The comparison point

For context: Dubrovnik in Croatia receives 1.5–2 million visitors per year in a walled medieval city of 1,500 residents. The Lofoten Islands in Norway receive around 500,000 visitors in a similarly remote, scenic, and fragile island chain. Santorini in Greece receives 2 million visitors on an island of 15,000 residents.

Iceland’s visitor-to-resident ratio is high, but the island’s physical size is also large — 103,000 square kilometres, roughly the same as South Korea. The problem is distribution, not absolute numbers. The south coast and Reykjavik together receive the vast majority of visitors; the north, east, and Westfjords receive a fraction.
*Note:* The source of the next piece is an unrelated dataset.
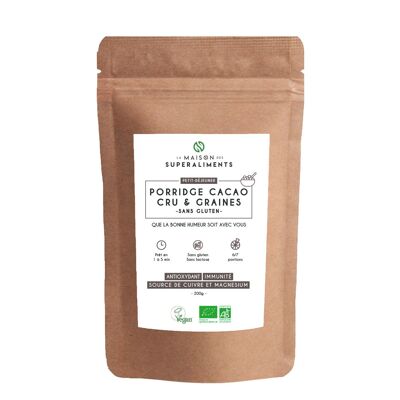 MACA D'ORO - LATTE VEGANO - 80G x10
That asymmetry is the real story. North Iceland has comparable or superior natural attractions to the south coast, receives roughly 15% of south coast visitor volumes, and has significant underdeveloped accommodation and tourism infrastructure. Directing tourism capital and visitor flows northward is the long-term structural answer — not telling people to stay home.

The traveller’s role

One of the more useless responses to the overtourism debate is self-congratulatory abstention — choosing not to visit Iceland as a statement, or visiting but feeling guilty about it the entire time. Neither changes anything material, and the second produces a worse experience without any benefit to Iceland.
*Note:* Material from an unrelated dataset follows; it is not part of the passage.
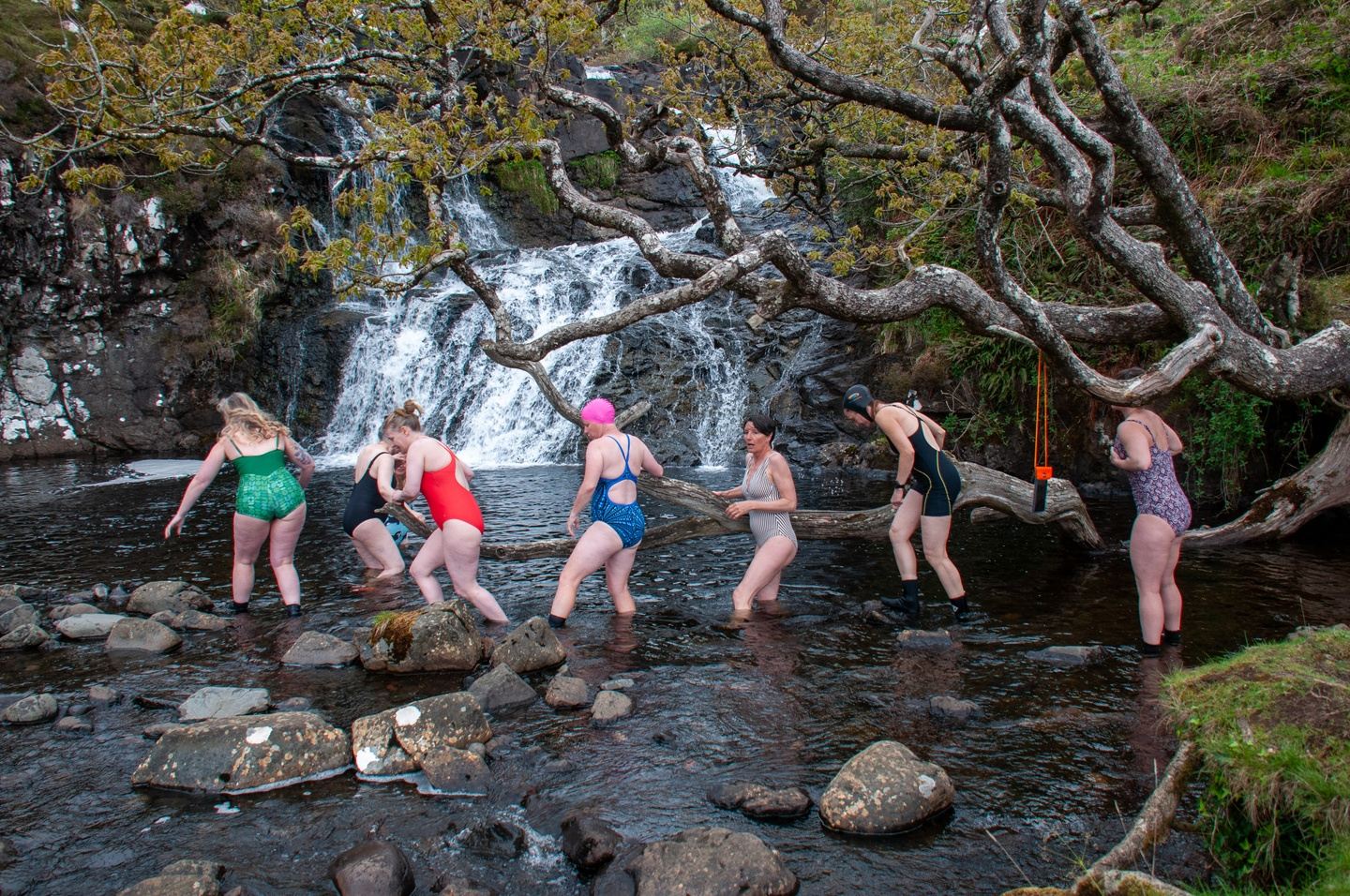 5 night Spring Dip & Chill 21 – 26 April 2026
What actually matters is choice at the margin. Not whether you go, but how you go:

When: May and October are genuinely low-pressure months at key sites. April is quieter still (though some highland routes aren’t open). These months offer better-than-average weather stability, fewer crowds, and accommodation at 60–70% of peak season rates.

Where you sleep: Accommodation in smaller towns along the ring road — Hvolsvöllur, Kirkjubæjarklaustur, Vopnafjörður, Reyðarfjörður — directly funds businesses in regions that see fewer visitors. Spending nights in Reykjavik while day-tripping to the south coast concentrates economic benefit in the capital.

How you move: Self-driving the ring road distributes your economic footprint more broadly than doing everything as a Reykjavik day tour. Stopping at a local guesthouse café rather than at a large chain along Route 1 routes money to individuals rather than corporations.

These are not dramatic sacrifices. They often produce better experiences — quieter, more personal, better value — than the maximally convenient and crowded alternatives.

Iceland is not ruined. Some specific corners of it are being managed imperfectly. The rest of it is extraordinary and waiting.